I was watching your traverse video with the foot slingshot, (beautiful) and was curious, the bowline on the delta, could you climb like that?


----------



## ECRUPPRECHT (Nov 24, 2009)

the prussic knot you are using is basically a version of the taut line it is all i have ever used. just make sure you dress it each time before you weight it and ive never had a problem. best part is if you add a micro-pulley you can accend and take the slack out of the rope with one hand..


----------



## Garden Of Eden (Nov 24, 2009)

ECRUPPRECHT said:


> the prussic knot you are using is basically a version of the taut line it is all i have ever used. just make sure you dress it each time before you weight it and ive never had a problem. best part is if you add a micro-pulley you can accend and take the slack out of the rope with one hand..

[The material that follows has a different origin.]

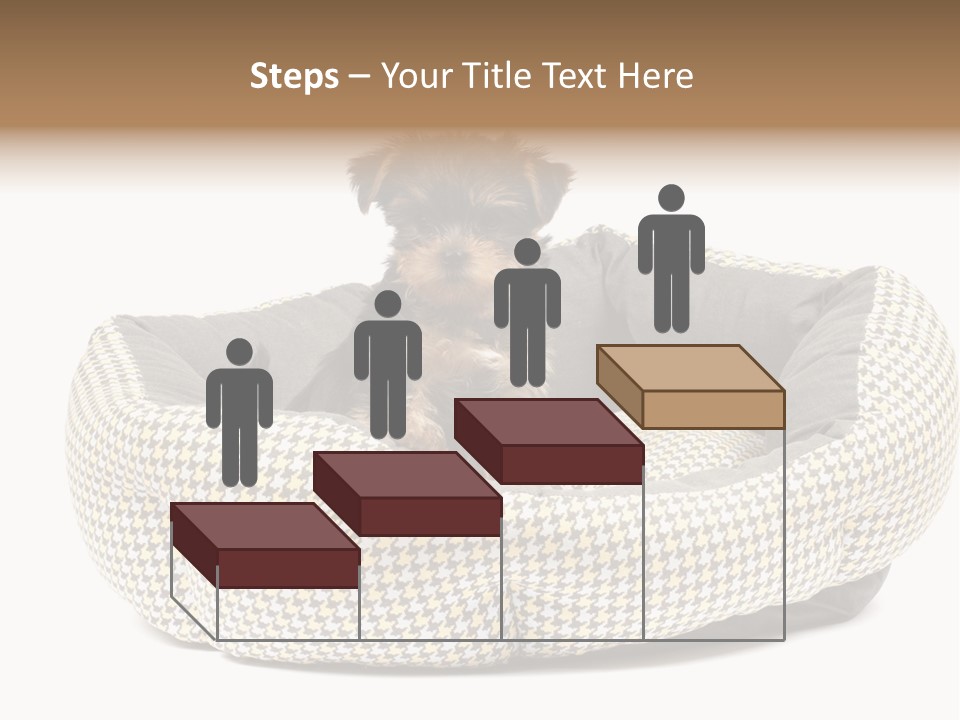 Pillow Small Domestic PowerPoint Template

Hmmm...not quite sure I follow. Where is the prussik, and pulley?


----------



## ECRUPPRECHT (Nov 25, 2009)

youve go your main climb line, and you use a split tail rope clipped to your saddle/harness. tie your prussic or tautline with the end of your split tail on main line dont forget a safety knot run the main line through the micro pulley which is right under the prussic or split tail. as you climb the tree pull main line up. i guess its kinda hard to explain....


----------



## Garden Of Eden (Nov 25, 2009)

ECRUPPRECHT said:


> youve go your main climb line, and you use a split tail rope clipped to your saddle/harness. tie your prussic or tautline with the end of your split tail on main line dont forget a safety knot run the main line through the micro pulley which is right under the prussic or split tail. as you climb the tree pull main line up. i guess its kinda hard to explain....



Nope...I got it... does it really make that big a difference?


----------



## ECRUPPRECHT (Nov 25, 2009)

Garden Of Eden said:


> Nope...I got it... does it really make that big a difference?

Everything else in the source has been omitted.